Instructions to follow:
Locate the line bearing "misma joven como para su hijo si la gestación" in the material below, then reproduce it and each following line up to and including the line bearing "alto riesgo y la joven madre tiene pocas".

Given records:
________________

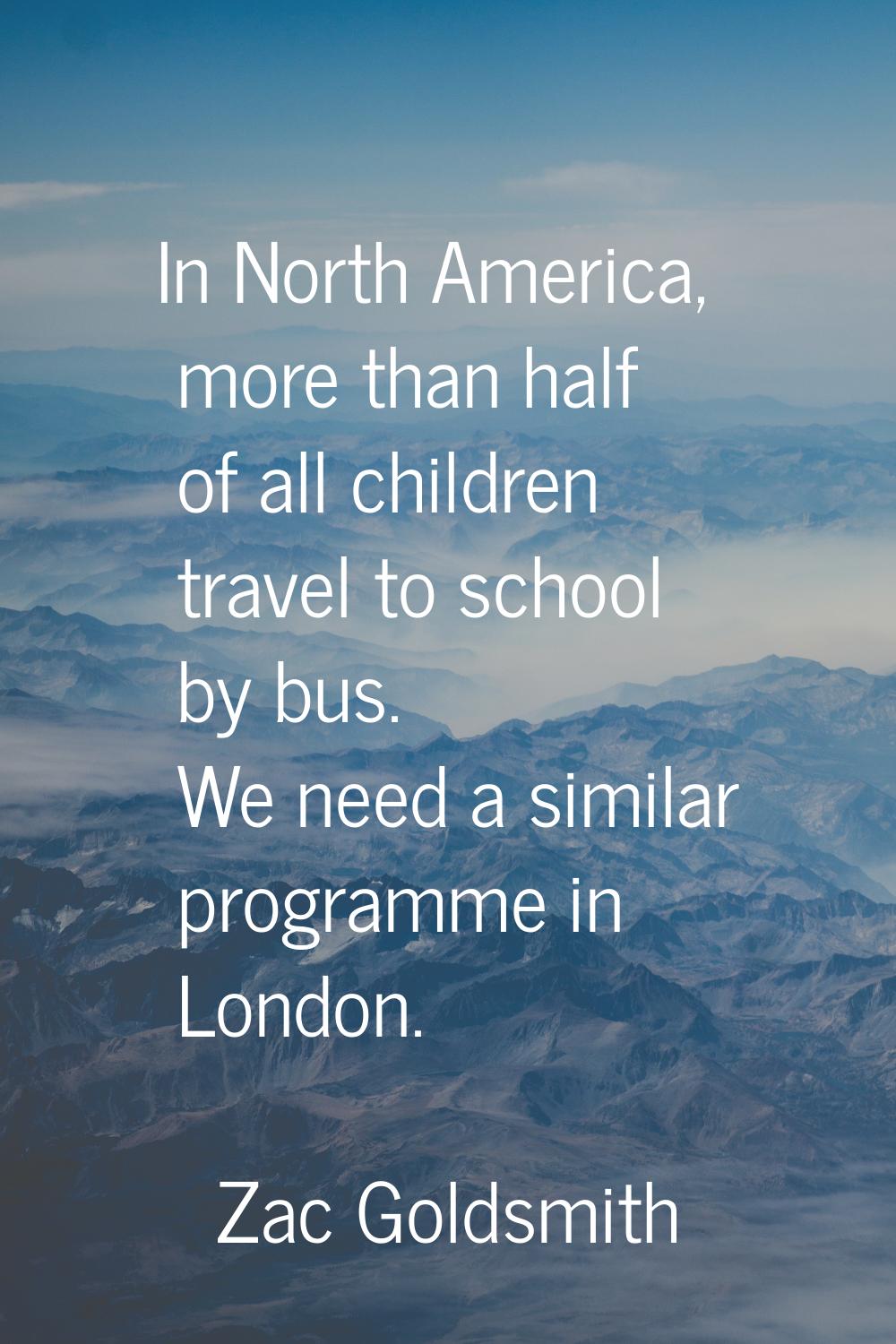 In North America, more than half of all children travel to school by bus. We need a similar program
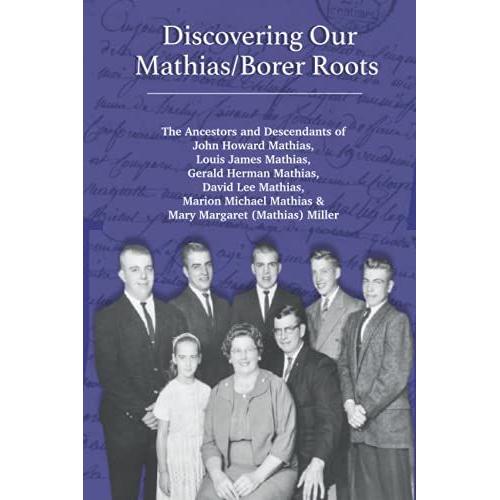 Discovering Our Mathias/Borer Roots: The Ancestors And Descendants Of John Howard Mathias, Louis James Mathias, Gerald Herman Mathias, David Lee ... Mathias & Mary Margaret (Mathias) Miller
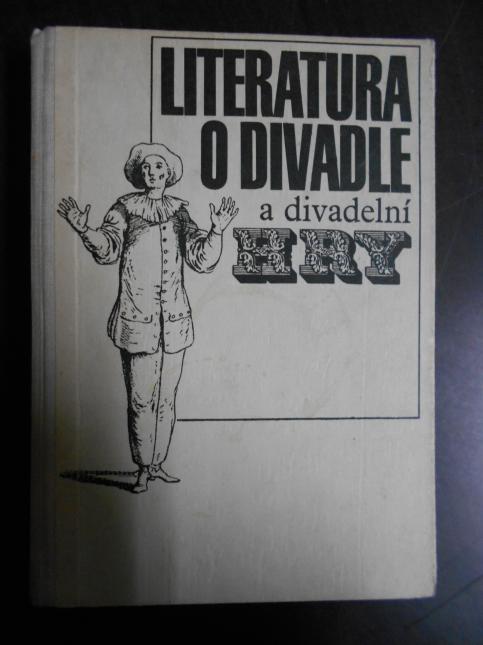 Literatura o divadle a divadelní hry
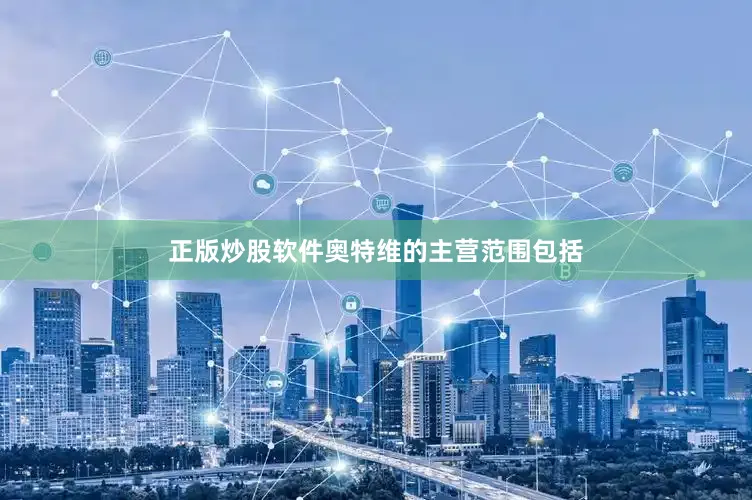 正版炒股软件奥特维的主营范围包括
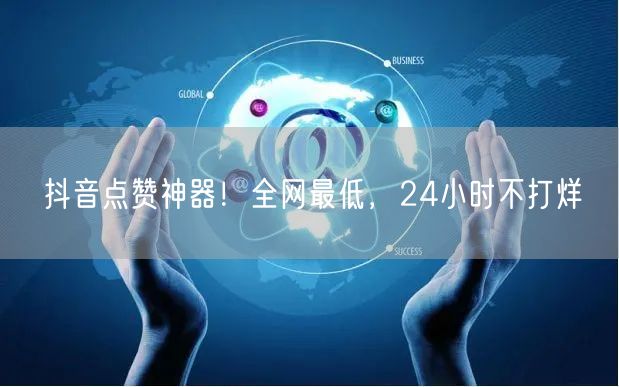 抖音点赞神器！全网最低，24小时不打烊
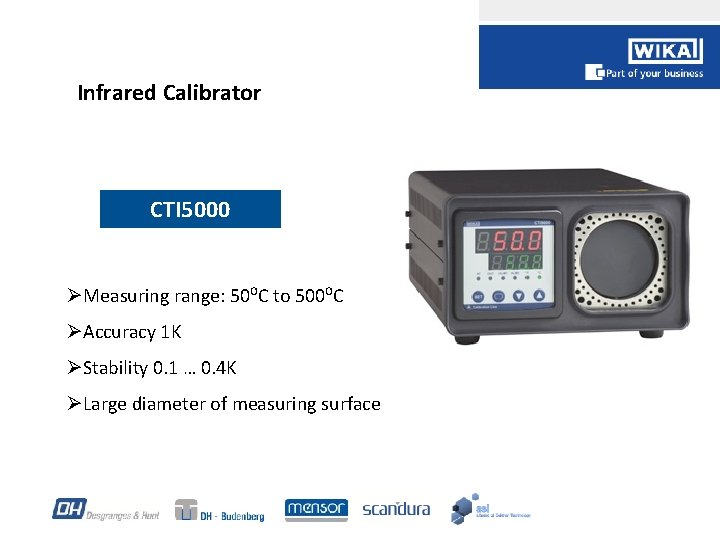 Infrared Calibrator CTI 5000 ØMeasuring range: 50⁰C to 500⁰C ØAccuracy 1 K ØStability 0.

________________

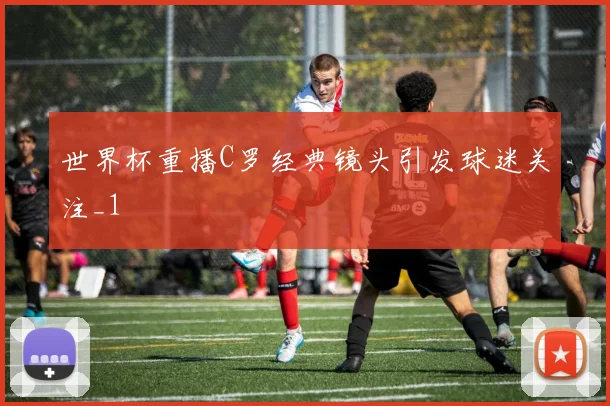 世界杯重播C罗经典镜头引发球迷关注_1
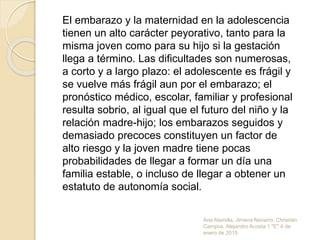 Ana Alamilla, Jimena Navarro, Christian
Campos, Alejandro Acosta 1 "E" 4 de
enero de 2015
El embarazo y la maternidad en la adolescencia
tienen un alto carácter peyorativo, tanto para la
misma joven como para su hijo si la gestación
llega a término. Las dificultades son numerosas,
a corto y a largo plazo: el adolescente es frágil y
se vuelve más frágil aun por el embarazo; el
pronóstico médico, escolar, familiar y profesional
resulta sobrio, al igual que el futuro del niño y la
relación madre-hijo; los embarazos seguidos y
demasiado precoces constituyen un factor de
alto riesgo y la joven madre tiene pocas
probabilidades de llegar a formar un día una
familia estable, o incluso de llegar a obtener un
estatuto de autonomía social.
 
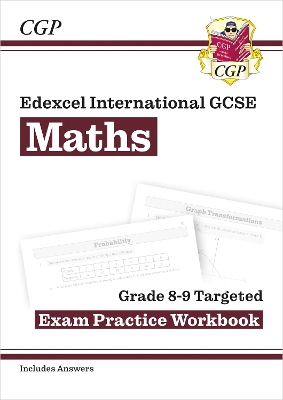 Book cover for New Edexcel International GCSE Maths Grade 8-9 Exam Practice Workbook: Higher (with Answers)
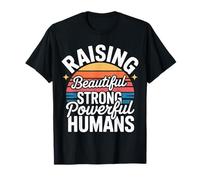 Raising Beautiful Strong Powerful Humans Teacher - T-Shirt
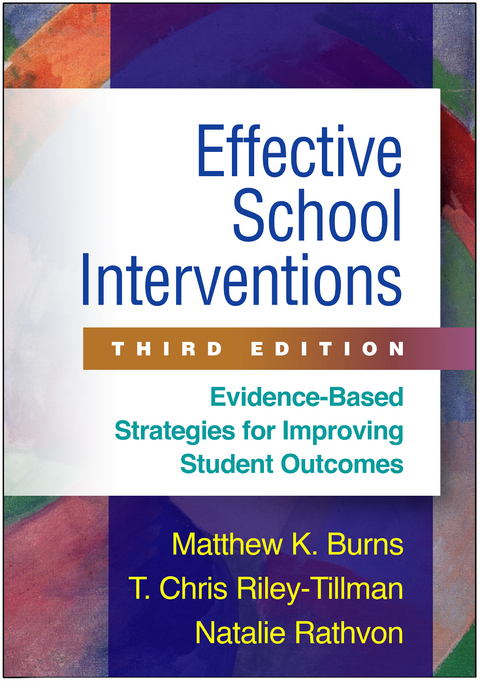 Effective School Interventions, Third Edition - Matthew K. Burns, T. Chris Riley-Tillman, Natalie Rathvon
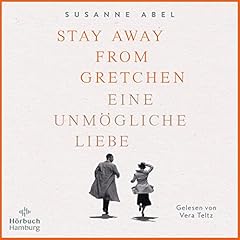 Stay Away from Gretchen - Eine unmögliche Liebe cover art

________________

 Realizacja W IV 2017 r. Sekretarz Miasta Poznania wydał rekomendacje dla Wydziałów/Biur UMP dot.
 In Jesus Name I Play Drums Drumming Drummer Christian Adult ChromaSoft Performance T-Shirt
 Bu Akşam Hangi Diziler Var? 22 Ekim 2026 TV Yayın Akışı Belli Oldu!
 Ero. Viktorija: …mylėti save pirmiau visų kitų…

________________

Worked solution:
misma joven como para su hijo si la gestación
llega a término. Las dificultades son numerosas,
a corto y a largo plazo: el adolescente es frágil y
se vuelve más frágil aun por el embarazo; el
pronóstico médico, escolar, familiar y profesional
resulta sobrio, al igual que el futuro del niño y la
relación madre-hijo; los embarazos seguidos y
demasiado precoces constituyen un factor de
alto riesgo y la joven madre tiene pocas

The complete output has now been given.